# [HOW TO COMPLETE THIS TASK]
Write the data below out again, unchanged.

# [INFORMATION SUPPLIED]
───
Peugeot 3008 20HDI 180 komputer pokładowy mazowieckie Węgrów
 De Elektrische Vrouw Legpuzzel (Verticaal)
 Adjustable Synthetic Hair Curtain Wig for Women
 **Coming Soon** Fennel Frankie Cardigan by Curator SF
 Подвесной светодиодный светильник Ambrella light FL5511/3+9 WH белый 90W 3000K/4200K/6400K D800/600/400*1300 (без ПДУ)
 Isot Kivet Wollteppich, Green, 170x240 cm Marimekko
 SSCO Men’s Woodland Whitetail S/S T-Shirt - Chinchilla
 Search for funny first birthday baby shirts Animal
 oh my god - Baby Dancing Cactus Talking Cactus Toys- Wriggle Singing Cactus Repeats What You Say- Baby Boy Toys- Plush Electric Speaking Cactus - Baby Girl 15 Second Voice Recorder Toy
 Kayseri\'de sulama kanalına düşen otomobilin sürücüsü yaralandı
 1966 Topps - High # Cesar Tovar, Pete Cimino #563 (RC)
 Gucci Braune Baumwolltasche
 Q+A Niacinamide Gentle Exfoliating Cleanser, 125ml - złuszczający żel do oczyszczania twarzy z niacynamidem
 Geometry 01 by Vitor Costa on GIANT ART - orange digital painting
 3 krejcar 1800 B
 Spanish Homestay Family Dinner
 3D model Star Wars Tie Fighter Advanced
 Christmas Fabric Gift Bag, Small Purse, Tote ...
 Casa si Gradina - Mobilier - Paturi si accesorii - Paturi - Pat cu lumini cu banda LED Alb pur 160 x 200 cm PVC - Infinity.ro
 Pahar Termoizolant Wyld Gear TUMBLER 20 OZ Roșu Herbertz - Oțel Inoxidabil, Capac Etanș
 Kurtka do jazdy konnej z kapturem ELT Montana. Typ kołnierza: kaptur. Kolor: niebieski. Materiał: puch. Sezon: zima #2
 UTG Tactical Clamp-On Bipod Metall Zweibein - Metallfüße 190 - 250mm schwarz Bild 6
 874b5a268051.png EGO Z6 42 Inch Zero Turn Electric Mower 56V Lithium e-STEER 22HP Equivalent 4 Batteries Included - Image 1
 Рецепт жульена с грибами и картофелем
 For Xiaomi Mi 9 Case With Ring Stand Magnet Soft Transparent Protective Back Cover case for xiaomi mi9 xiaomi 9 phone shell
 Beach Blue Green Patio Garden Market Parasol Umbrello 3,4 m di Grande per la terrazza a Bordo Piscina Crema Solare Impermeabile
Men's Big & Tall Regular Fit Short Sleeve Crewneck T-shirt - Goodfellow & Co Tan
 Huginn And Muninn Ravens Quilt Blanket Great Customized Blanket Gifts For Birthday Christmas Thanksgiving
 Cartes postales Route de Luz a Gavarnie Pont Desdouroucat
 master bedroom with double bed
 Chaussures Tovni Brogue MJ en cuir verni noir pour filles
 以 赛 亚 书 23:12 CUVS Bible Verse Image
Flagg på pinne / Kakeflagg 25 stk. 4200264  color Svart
───
# [EXPECTED ANSWER]
Peugeot 3008 20HDI 180 komputer pokładowy mazowieckie Węgrów
 De Elektrische Vrouw Legpuzzel (Verticaal)
 Adjustable Synthetic Hair Curtain Wig for Women
 **Coming Soon** Fennel Frankie Cardigan by Curator SF
 Подвесной светодиодный светильник Ambrella light FL5511/3+9 WH белый 90W 3000K/4200K/6400K D800/600/400*1300 (без ПДУ)
 Isot Kivet Wollteppich, Green, 170x240 cm Marimekko
 SSCO Men’s Woodland Whitetail S/S T-Shirt - Chinchilla
 Search for funny first birthday baby shirts Animal
 oh my god - Baby Dancing Cactus Talking Cactus Toys- Wriggle Singing Cactus Repeats What You Say- Baby Boy Toys- Plush Electric Speaking Cactus - Baby Girl 15 Second Voice Recorder Toy
 Kayseri\'de sulama kanalına düşen otomobilin sürücüsü yaralandı
 1966 Topps - High # Cesar Tovar, Pete Cimino #563 (RC)
 Gucci Braune Baumwolltasche
 Q+A Niacinamide Gentle Exfoliating Cleanser, 125ml - złuszczający żel do oczyszczania twarzy z niacynamidem
 Geometry 01 by Vitor Costa on GIANT ART - orange digital painting
 3 krejcar 1800 B
 Spanish Homestay Family Dinner
 3D model Star Wars Tie Fighter Advanced
 Christmas Fabric Gift Bag, Small Purse, Tote ...
 Casa si Gradina - Mobilier - Paturi si accesorii - Paturi - Pat cu lumini cu banda LED Alb pur 160 x 200 cm PVC - Infinity.ro
 Pahar Termoizolant Wyld Gear TUMBLER 20 OZ Roșu Herbertz - Oțel Inoxidabil, Capac Etanș
 Kurtka do jazdy konnej z kapturem ELT Montana. Typ kołnierza: kaptur. Kolor: niebieski. Materiał: puch. Sezon: zima #2
 UTG Tactical Clamp-On Bipod Metall Zweibein - Metallfüße 190 - 250mm schwarz Bild 6
 874b5a268051.png EGO Z6 42 Inch Zero Turn Electric Mower 56V Lithium e-STEER 22HP Equivalent 4 Batteries Included - Image 1
 Рецепт жульена с грибами и картофелем
 For Xiaomi Mi 9 Case With Ring Stand Magnet Soft Transparent Protective Back Cover case for xiaomi mi9 xiaomi 9 phone shell
 Beach Blue Green Patio Garden Market Parasol Umbrello 3,4 m di Grande per la terrazza a Bordo Piscina Crema Solare Impermeabile
Men's Big & Tall Regular Fit Short Sleeve Crewneck T-shirt - Goodfellow & Co Tan
 Huginn And Muninn Ravens Quilt Blanket Great Customized Blanket Gifts For Birthday Christmas Thanksgiving
 Cartes postales Route de Luz a Gavarnie Pont Desdouroucat
 master bedroom with double bed
 Chaussures Tovni Brogue MJ en cuir verni noir pour filles
 以 赛 亚 书 23:12 CUVS Bible Verse Image
Flagg på pinne / Kakeflagg 25 stk. 4200264  color Svart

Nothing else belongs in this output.